US-listed shipping stocks fell across the board today as a result of falling oil prices and ongoing US-China trade tensions, according to analysts.
West Texas Intermediate futures slipped 4% to $51.14 per barrel, while Brent crude, the international benchmark, fell 3.7% to $59.97 — both reaching lows not seen since January.
The price fall is driven by US crude-oil supplies rising by 2.2 million barrels last week, according to US government data, as OPEC looks to limit oil supply.
At the same time, the trade war between US and China is stoking fears of slowed economic growth, putting downward pressure on demand for energy and consumer goods.
Boxship owner Globus Maritime shares fell the most, cascading 12.7% today to close at $2.55 while dry bulk Seanergy Maritime declined 11.7% to $0.72.
Other shipping equities that took a hit include Scorpio Tankers, falling 9.2% to $23.66, and boxship specialist Euroseas, which declined 7.1% to $0.61. Bulker owner Golden Ocean Group also fell 7.1% to $4.48.
"Crude prices falling 4% is certainly pushing the tanker and LNG names lower, and the ongoing US-China trade war isn’t helping," Jefferies analyst Randy Giveans tells TradeWinds.
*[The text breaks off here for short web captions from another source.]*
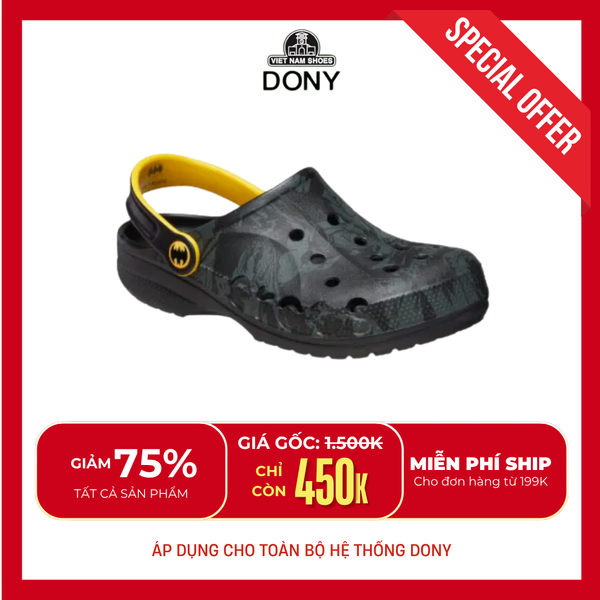  Dép Crocs Batman phiên bản đặc biệt 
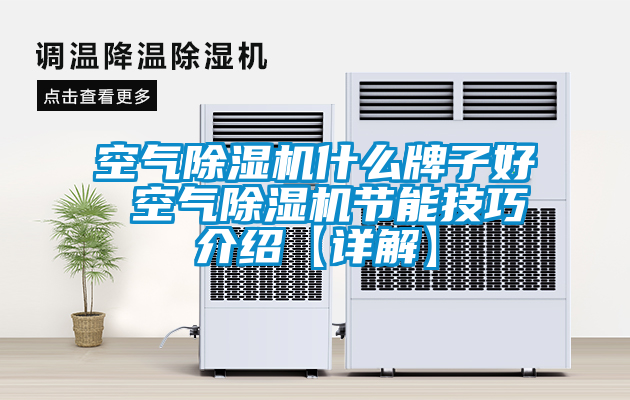 空氣除濕機什么牌子好 空氣除濕機節能技巧介紹【詳解】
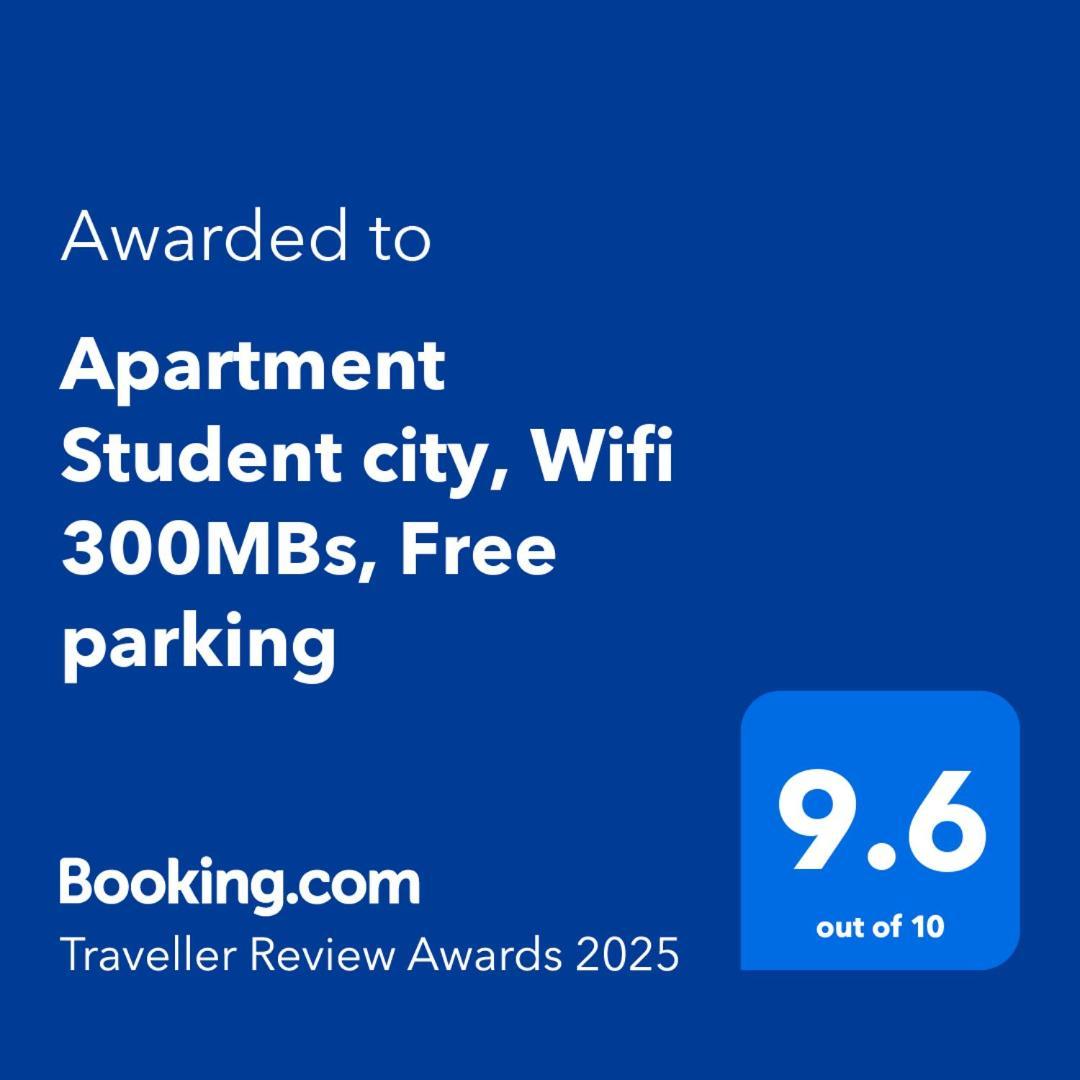 Apartment Student City, Wifi 300Mbs ベオグラード エクステリア 写真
"Also, OPEC countries discussing prolonged production cuts doesn’t bode well for tankers, although other demand drivers such as increased US and Brazilian crude exports, the conclusion of refinery maintenance season, and IMO 2020 will certainly push the market higher in the coming months."
Handful of gains
All told, almost 30 US-listed shipping stocks declined today with only a small handful of shipping companies posting slight gains.
Dynagas went up 1.2% to $1.73 while Nordic American Tankers ticked up 0.5% to $2.04 and boxship owner Matson enjoyed a 0.7% rise to $36.63.
The tit-for-tat tariff spat is also placing negative sentiment on dry bulk and container shipping sectors by threatening to lessen trade between the world's two largest economies, Giveans said.
"Investors who can stomach the incredible short-term volatility will be rewarded later this year, especially if and when we get some kind of trade deal," he said.
Deutsche Bank analyst Amit Mehrotra agreed, saying the market seems particularly sensitive today to US-China trade risks.
"In shipping, my mantra is: it’s never as good as you think, and always worse than you fear," he said.
Stifel analyst Ben Nolan summed up shipping's lackluster day in five words.
"Bad oil and economic data," he told TradeWinds.